During a May 2023 trip to report on the gang war, I stopped by the hotel one afternoon for lunch. Its iron gates remained open and unguarded, the courtyard overgrown and prowled by dogs. The familiar statue of Baron Samedi, Vodou’s top hat-wearing master of the dead, greeted me at the base of the staircase, but the bar was empty save for Madame Jeudy, its stalwart manager. I ordered a plate of poulet créole and wandered around the dining room taking in the art and curios. Out on the balcony a painter was at work touching up the facade, a small hedge against the decay. It didn’t matter that the food took an hour to arrive. A faint sea breeze cut the heat, and I was glad to be off the streets.

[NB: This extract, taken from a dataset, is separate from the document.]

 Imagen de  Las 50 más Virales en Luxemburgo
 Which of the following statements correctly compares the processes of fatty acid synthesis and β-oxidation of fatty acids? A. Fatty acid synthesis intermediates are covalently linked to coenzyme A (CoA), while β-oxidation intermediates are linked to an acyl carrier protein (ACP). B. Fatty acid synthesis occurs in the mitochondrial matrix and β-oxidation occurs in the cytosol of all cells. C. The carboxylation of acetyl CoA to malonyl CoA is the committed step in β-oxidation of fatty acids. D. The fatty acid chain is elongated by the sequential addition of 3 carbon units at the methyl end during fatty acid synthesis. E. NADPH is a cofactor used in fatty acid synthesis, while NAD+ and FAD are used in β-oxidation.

“The Oloffson was always a safe haven,” says Neil Brandvold, an American filmmaker who had to run from trouble in Port-au-Prince on more than one occasion over the years. “As long as you got through the front gates of the Oloffson, everyone left you alone. Just the respect for Richard and the hotel as an institution … It was sort of protected from the gangs and their violence.” On Brandvold’s last visit, in late 2023, however, some attempted kidnappings in the municipal cemetery forced him to cut filming short. He holed up in the hotel for several days with a photographer watching gunfights flare through the night. “I think we were the last people to stay there.”

In February, I ran into Morse at a heavily guarded hotel in Pétionville, a suburb of the capital. Commercial flights had been shut down for months, and travel around Port-au-Prince was a roll of the dice. Morse told me he’d nevertheless walked down to the Oloffson out of habit, stopping to take selfies with fans along the way, until friends insisted it was too dangerous to go back again. Most members of RAM have since relocated to the northern city of Cap Haitien to keep making music. For his part, Morse released a new song the day before the Oloffson burned down, titled, “We Want Justice.” A cry for Haiti, and all that’s wrong in the world.

“He’s devastated — probably the most devastated of us all,” says Isabelle Morse. “That was our living room. The music, the characters, the people who kept coming back, all that he did to keep it alive and make it this place of resistance and freedom in a place that’s so hard to do that. He spent his whole life doing it. And now it’s gone.”